Annotation Tool
The Annotation Tool (DATT - Discourse Annotation Tool for Turkish) has been developed for this project and uses the tags given below in the table. DATT produces XML files as annotation data which are generated by the implementation of a stand-off annotation methodology.
METU-TDB Tags
Annotated Discourse Elements |
METU-TDB |
Explicit connectives |
annotated |
Connective modifiers |
annotated |
1st and 2nd argument | annotated |
Supporting Material |
annotated |
Reference elements in supporting material |
annotated |
Shared elements |
annotated |
Supporting material for shared elements |
annotated |
As explained in Aktaş et al. (2010), in order to avoid overlapping tags, stand off annotation has been preferred rather than in-line annotation. In stand-off markup, annotations are stored separate from data.

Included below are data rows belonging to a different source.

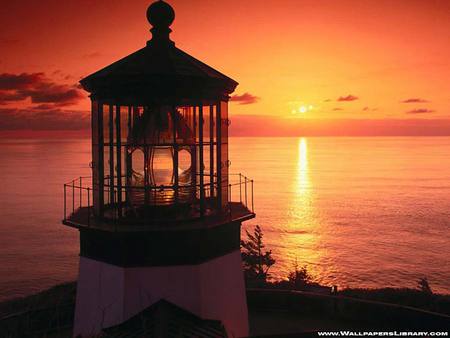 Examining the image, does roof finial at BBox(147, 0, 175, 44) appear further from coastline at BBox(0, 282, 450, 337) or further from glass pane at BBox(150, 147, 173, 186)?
coastline at BBox(0, 282, 450, 337)

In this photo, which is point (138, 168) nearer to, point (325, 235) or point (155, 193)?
point (155, 193)

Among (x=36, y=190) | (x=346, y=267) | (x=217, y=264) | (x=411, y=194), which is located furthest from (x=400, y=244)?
(x=36, y=190)

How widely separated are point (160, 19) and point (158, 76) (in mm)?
1357

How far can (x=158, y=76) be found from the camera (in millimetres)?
6379

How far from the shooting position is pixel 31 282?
35.5 metres

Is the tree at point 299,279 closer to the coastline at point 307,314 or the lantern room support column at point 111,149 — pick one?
the coastline at point 307,314

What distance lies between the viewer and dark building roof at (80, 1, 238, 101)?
21.1 feet

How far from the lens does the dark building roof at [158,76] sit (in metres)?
6.43

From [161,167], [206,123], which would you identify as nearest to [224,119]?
[206,123]

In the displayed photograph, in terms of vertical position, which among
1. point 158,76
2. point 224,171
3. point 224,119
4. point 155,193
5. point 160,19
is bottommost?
point 155,193

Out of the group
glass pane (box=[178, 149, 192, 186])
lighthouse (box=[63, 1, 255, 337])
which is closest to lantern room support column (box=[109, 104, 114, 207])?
lighthouse (box=[63, 1, 255, 337])

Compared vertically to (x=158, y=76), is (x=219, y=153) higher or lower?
lower

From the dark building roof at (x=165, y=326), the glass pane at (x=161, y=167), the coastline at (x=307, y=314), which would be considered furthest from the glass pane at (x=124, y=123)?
the coastline at (x=307, y=314)

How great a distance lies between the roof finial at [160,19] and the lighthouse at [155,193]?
2 centimetres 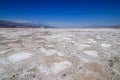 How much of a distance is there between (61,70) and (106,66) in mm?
1819

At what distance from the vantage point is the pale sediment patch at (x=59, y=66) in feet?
12.6

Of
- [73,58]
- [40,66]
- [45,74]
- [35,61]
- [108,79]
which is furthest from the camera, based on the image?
[73,58]

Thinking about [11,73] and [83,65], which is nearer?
[11,73]

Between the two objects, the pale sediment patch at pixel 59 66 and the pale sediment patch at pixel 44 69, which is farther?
the pale sediment patch at pixel 59 66

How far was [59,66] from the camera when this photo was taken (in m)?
4.16

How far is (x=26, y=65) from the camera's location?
4129 mm

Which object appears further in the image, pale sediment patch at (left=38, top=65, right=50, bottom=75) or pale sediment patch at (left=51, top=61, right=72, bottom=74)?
pale sediment patch at (left=51, top=61, right=72, bottom=74)

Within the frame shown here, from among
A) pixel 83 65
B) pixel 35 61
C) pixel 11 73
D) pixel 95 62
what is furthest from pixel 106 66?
pixel 11 73

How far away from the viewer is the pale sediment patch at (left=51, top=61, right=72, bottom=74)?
3834 millimetres

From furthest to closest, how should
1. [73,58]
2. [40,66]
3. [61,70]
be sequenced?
1. [73,58]
2. [40,66]
3. [61,70]

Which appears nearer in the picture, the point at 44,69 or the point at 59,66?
the point at 44,69

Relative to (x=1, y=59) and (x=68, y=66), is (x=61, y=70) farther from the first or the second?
(x=1, y=59)

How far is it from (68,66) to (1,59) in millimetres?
3000

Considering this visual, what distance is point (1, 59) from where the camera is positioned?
4.68 metres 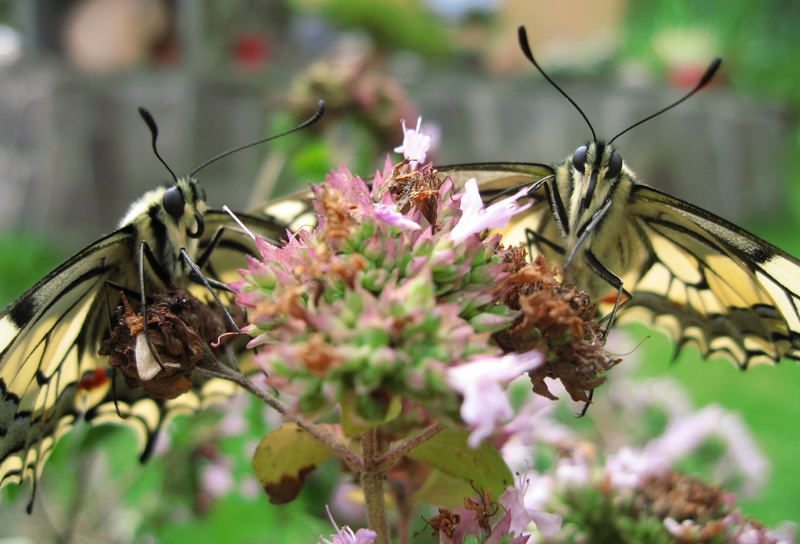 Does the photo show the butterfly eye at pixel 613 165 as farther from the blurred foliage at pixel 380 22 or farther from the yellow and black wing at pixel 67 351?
the blurred foliage at pixel 380 22

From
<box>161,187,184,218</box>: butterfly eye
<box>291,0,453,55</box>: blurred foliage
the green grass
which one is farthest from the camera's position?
<box>291,0,453,55</box>: blurred foliage

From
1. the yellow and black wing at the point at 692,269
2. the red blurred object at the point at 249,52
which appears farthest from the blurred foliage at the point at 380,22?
the yellow and black wing at the point at 692,269

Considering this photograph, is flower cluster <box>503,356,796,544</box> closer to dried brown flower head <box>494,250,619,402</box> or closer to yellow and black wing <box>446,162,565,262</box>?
dried brown flower head <box>494,250,619,402</box>

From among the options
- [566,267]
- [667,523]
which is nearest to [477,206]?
[566,267]

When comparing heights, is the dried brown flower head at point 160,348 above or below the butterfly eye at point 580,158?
below

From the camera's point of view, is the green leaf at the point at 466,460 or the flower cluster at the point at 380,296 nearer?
the flower cluster at the point at 380,296

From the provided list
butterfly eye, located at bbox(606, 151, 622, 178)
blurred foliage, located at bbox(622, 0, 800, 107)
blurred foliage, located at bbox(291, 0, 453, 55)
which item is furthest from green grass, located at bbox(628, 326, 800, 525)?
blurred foliage, located at bbox(622, 0, 800, 107)

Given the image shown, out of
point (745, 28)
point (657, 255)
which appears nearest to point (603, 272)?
point (657, 255)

Since the base file is not modified during annotation, it is guaranteed that all the annotators are dealing with the same version of the data. The text spans of dependency constructions are represented in terms of character offsets from the beginning of the text file. This is a highly errorprone way of storing annotation data. If there is a shift in the character indexes in the original text file, previously annotated data will be meaningless. To compensate for this, we keep the text spans of annotations for recovery purposes.
Annotation files are well-formed XML files. One can easily add new features to the annotations. XML facilities available as online sources such as the libraries for search and post-processing reduce the implementation effort of adding new features.